Although we can’t see that the tunnel is a member of a VRF from the derived-config, it is clearly seen when viewing the VRF:

R4#sh vrf
  Name         Default RD            Protocols   Interfaces
  a            4.4.4.4:10            ipv4        Gi1.46
                                                 Tu0

It is a bit like having a backdoor VRF with a DMVPN tunnel interface and the underlay (source) in global (no frontdoor VRF).
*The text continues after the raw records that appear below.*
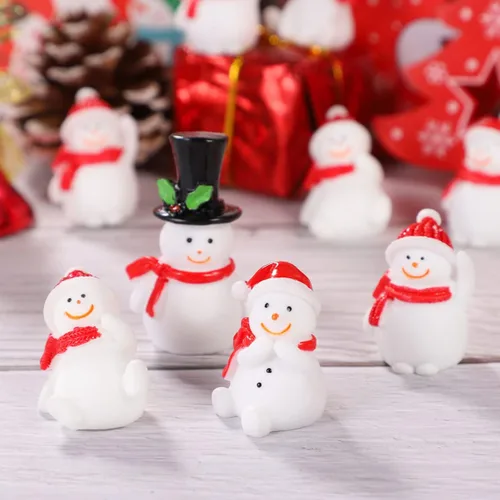 Miniatura 4 de ABOOFAN 13 piezas de adornos miniatura de muñeco de nieve de Navidad, mini figuras de muñeco de nieve de resina, globos de nieve, micro paisaje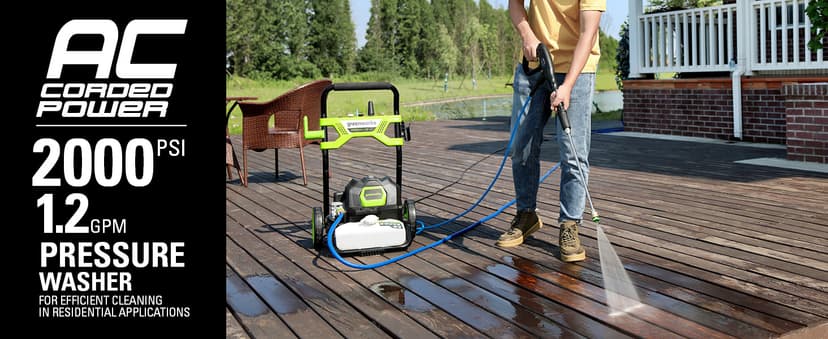 Greenworks 2000 PSI 1.2 GPM Pressure Washer (Open Frame GPW2003) GPW2003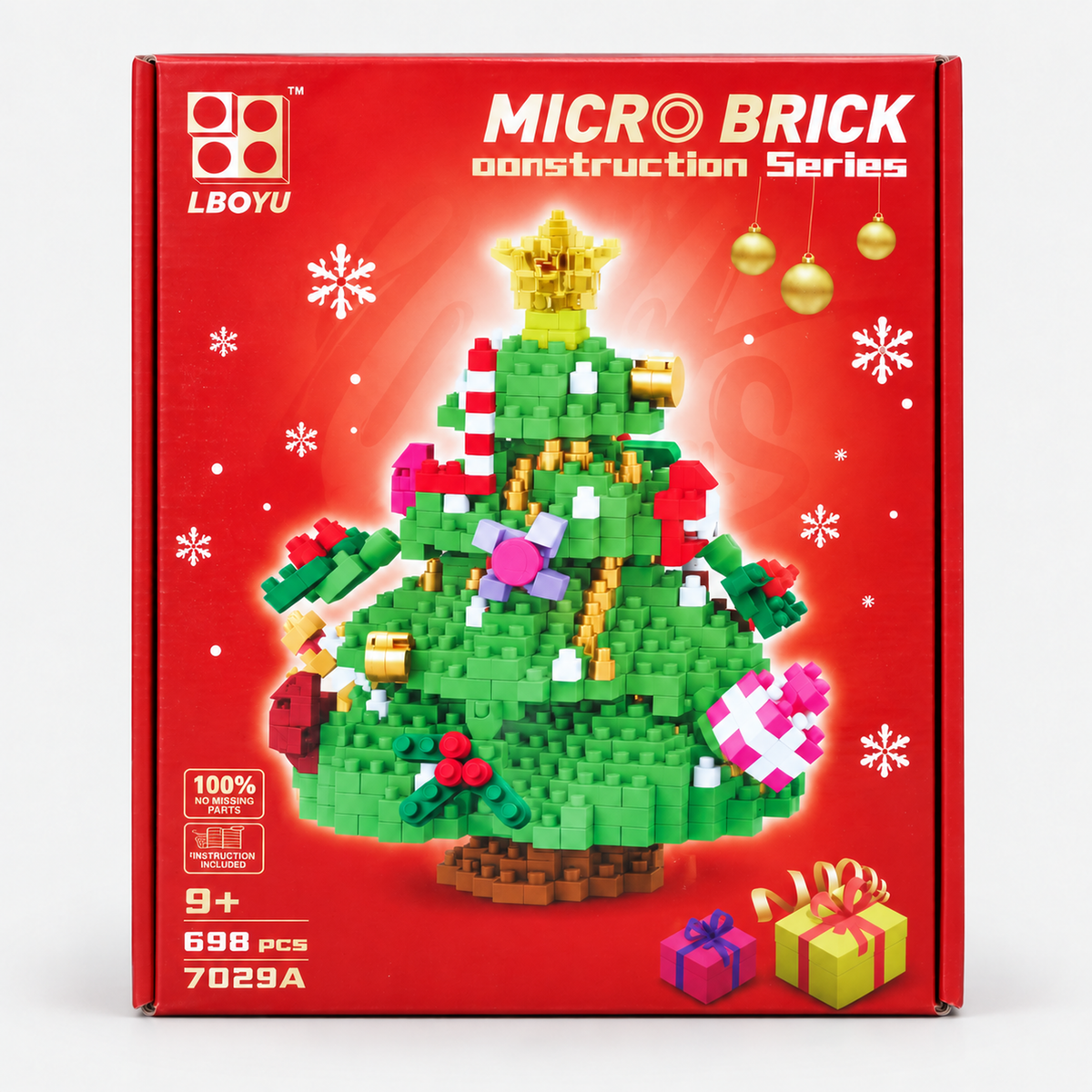 Christmas tree micro brick building set box, 698 pieces, ages 9+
The VRF is configured like this:

! VRF a on R4
vrf definition a
 rd 4.4.4.4:10
 route-target export 65000:10
 route-target import 65000:10
 !
 address-family ipv4
  mdt default 232.1.0.10
  mdt data 232.1.1.0 0.0.0.255 threshold 1
  mdt data threshold 1
 exit-address-family

Ignore the mdt data part for now. We see the mdt default configuration with the group 232.1.0.10. You must use uniq groups per VRF.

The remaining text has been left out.